Takeaway
Support for physician mental health must be made more widely available. We must remove the stigma associated with accessing this support.
Lifelong Learning in Clinical Excellence | March 12, 2019 | 2 min read
By Colin West, MD, PhD, Mayo Clinic
Physician burnout has been recognized in recent years as a massive issue adversely impacting healthcare systems around the world. In the United States, 2017 rates of burnout symptoms linked with key outcomes approach 50%, and rates of positive depression screens exceed 40%. Burnout has been linked with poorer patient care outcomes, lower patient satisfaction, mental health issues among physicians, reductions in work effort and early retirement, and many other consequences, each of which harms patients and costs the U.S. health care system billions of dollars every year.

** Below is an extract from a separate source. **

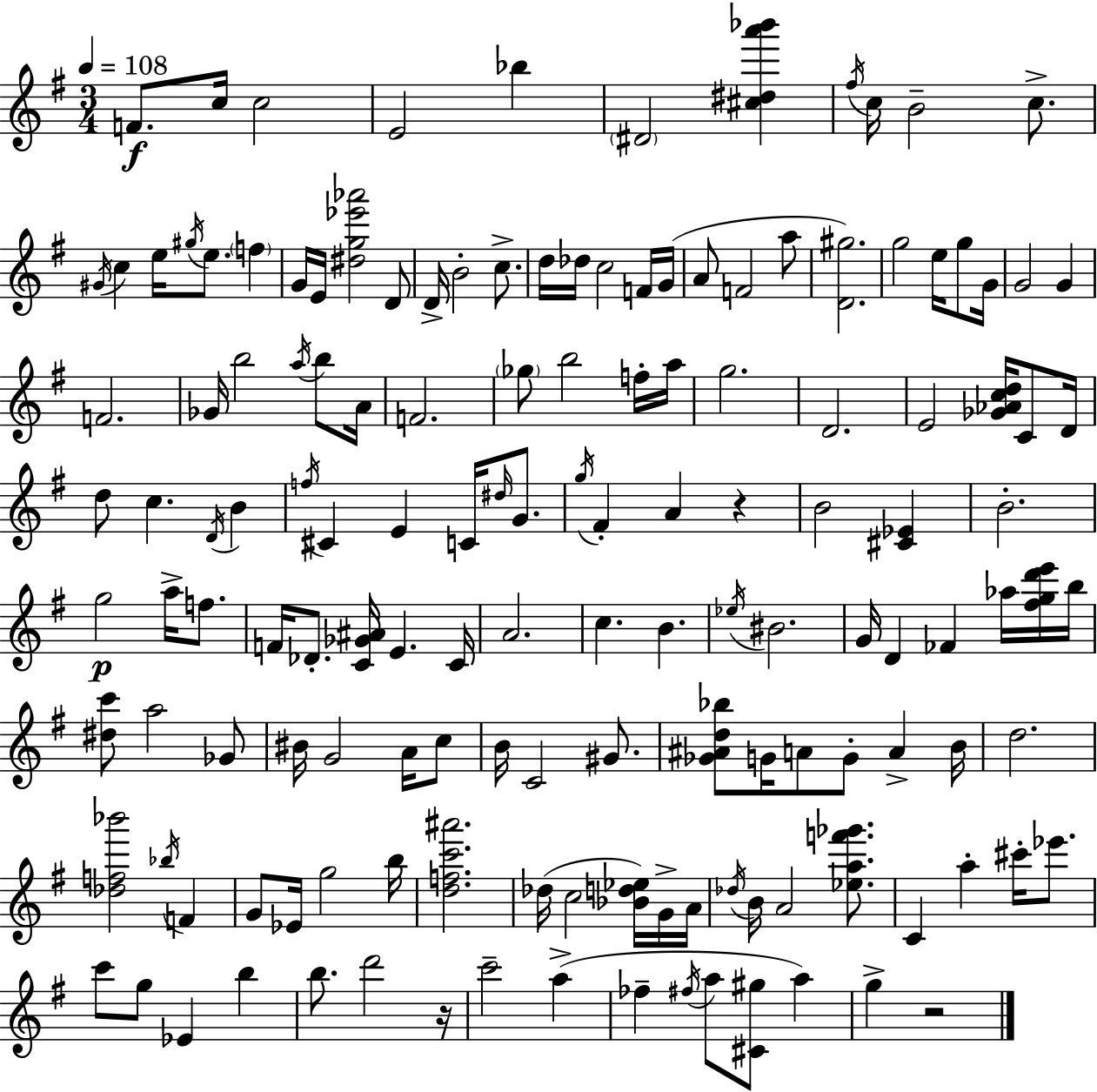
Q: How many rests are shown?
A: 3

As reported recently, the statement from the Harvard T.H. Chan School of Public Health, the Harvard Global Health Institute, the Massachusetts Medical Society and Massachusetts Health and Hospital Association adds to numerous prior Calls to Action (in UME, GME, and more broadly) on these issues. Recognition of the problem is a critical first step, but meaningful progress requires tangible efforts to improve the work lives of physicians. Thankfully, such efforts are beginning to gain momentum. One summary statement to this end is the Charter on Physician Well-Being, endorsed and supported by a diverse host of organizations.
The Charter offers guiding principles and key commitments to effectively promote physician well-being. These guiding principles and key commitments include several elements noted in the Harvard statement and NPR segment, three of which I’ll highlight:
1) Burnout is rooted primarily in our medical systems and culture, rather than being a result of individual shortcomings.
Much as To Err Is Human emphasized the importance of system-level solutions for patient safety, addressing burnout requires system-level solutions rather than solely individual-focused approaches that risk being seen as “blaming the victim.” That said, while larger system improvements are underway there remains an individual responsibility to optimize our well-being in areas within our own spheres of influence. Physician well-being is a shared responsibility, and all stakeholders in medicine must work together across all levels of the health care system to promote the change we need.
2) Support for physician mental health must be made more widely available.
A major need is to remove stigma associated with accessing this support. An example of a step in the right direction is the recent alteration of policies in several states in response to evidence of inconsistency of medical licensure application questions with established standards and federal law. The goal should be to optimize physician performance proactively, by any and all means of support necessary.
3) The EHR is not the only driver of burnout, but inefficiencies that detract from physicians’ sense of meaning and purpose are commonly cited as chronic irritants for physicians in their work lives (often infringing on time away from work as well). Demands on a physician’s time that do not require the physician or do not benefit patients should be eliminated from the physician’s day, and systems violating these principles should be viewed as fatally flawed in the design phase, before they ever impact actual practice.
Physician well-being is necessary for our patients and our healthcare system to thrive. The growing number of calls to action is encouraging, and this momentum must now translate into results physicians feel in their daily practices. Our profession and our patients depend on it.